Segment Start: Information supplied

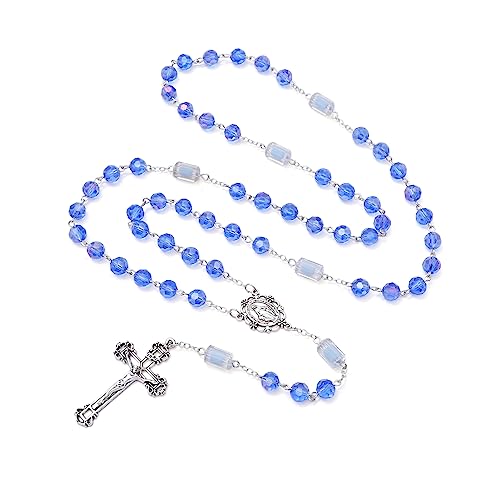 KOMI Rosary Beads Catholic for Women Gemstone Rosary Beads Necklace with Crucifix Cross Crystal Pearl Rosary Rosarios Catolicos Catholic Gifts - style: 8mm Blue Crystal
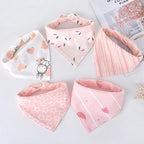 5pcs/lot Baby Bibs Triangle Double Cotton Bibs Cartoon Print Saliva Towel Baby Boys Girls Feeding Apron Cotton Bandana Bibs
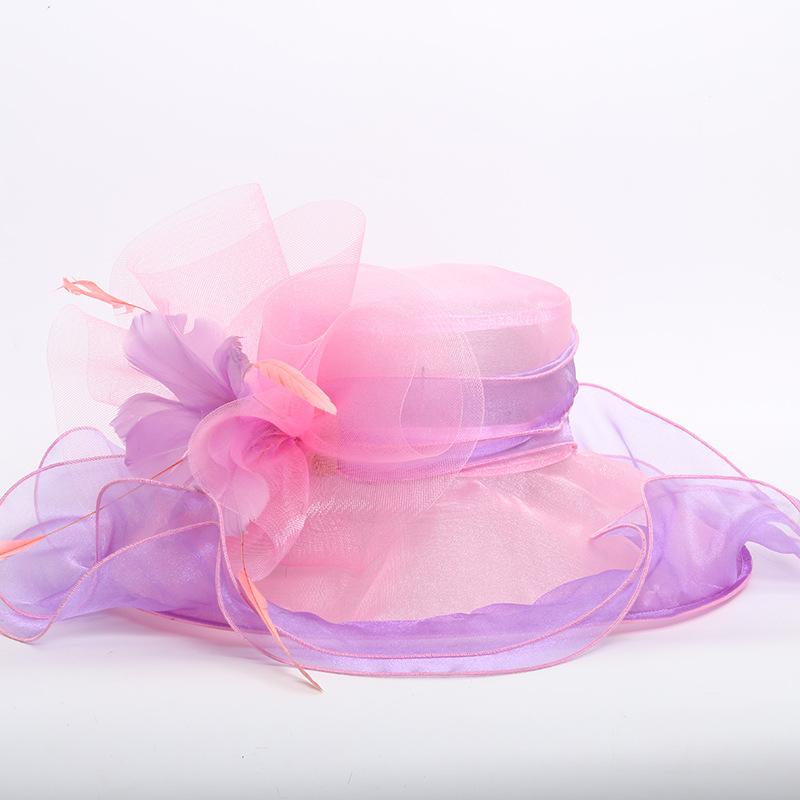 European and American new business gifts big eaves hat spring and summer women's embroidery Eugen yarn hat manufacturer adult hat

Segment End: Information supplied

Task prompt: Where the line containing "5pcs/lot Baby Bibs" appears in the data above, begin there and output every line through the last, exactly and without pictures.

Written solution:
 5pcs/lot Baby Bibs Triangle Double Cotton Bibs Cartoon Print Saliva Towel Baby Boys Girls Feeding Apron Cotton Bandana Bibs
 European and American new business gifts big eaves hat spring and summer women's embroidery Eugen yarn hat manufacturer adult hat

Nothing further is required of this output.